▶ Available records:
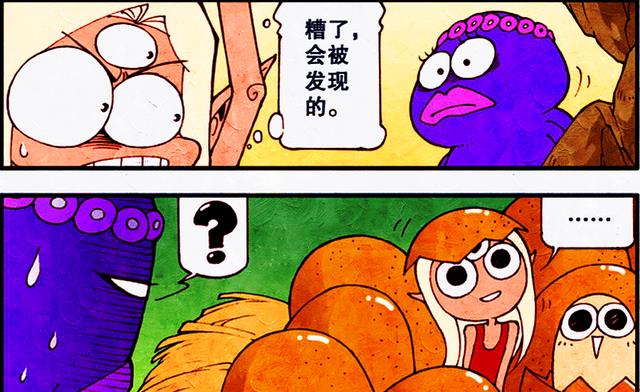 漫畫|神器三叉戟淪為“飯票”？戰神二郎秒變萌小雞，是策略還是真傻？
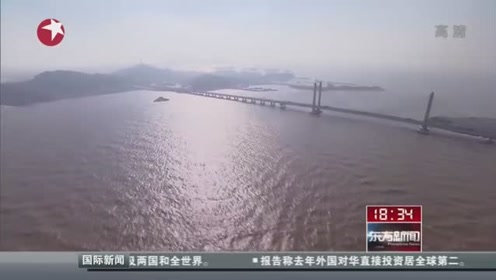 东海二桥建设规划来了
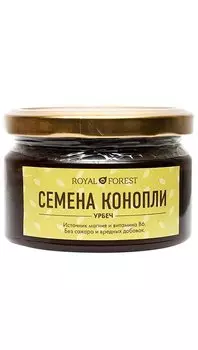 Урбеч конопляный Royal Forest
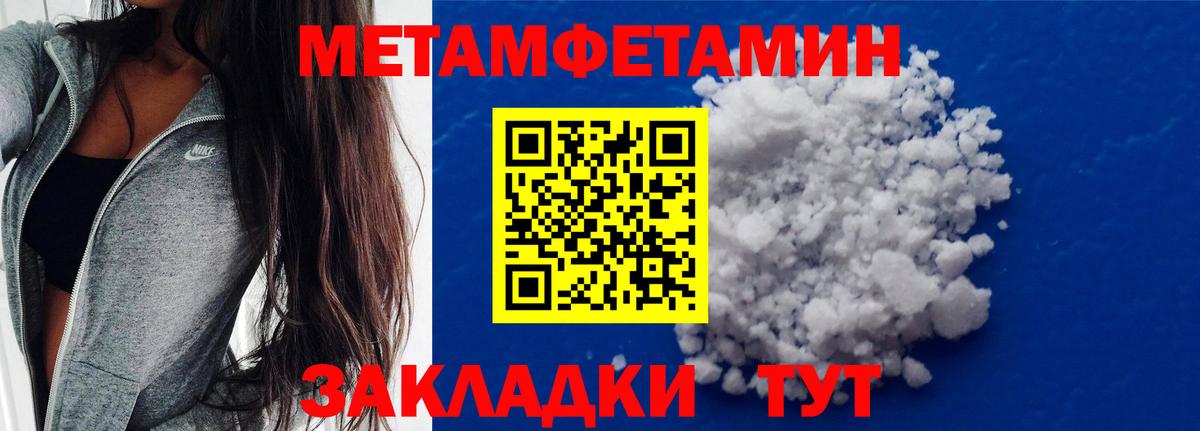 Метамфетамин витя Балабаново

---

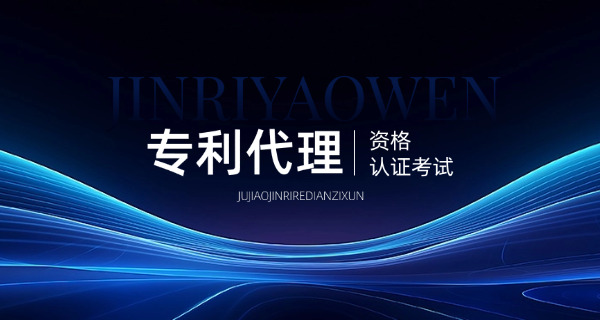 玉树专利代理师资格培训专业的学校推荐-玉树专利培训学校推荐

▶ What you are asked to do:
Set the pictures aside and transcribe exactly the stretch of lines above, beginning with the one holding "Урбеч конопляный Royal Forest" and ending with the one holding "Метамфетамин витя Балабаново".

▶ Answer for this exercise:
 Урбеч конопляный Royal Forest
 Метамфетамин витя Балабаново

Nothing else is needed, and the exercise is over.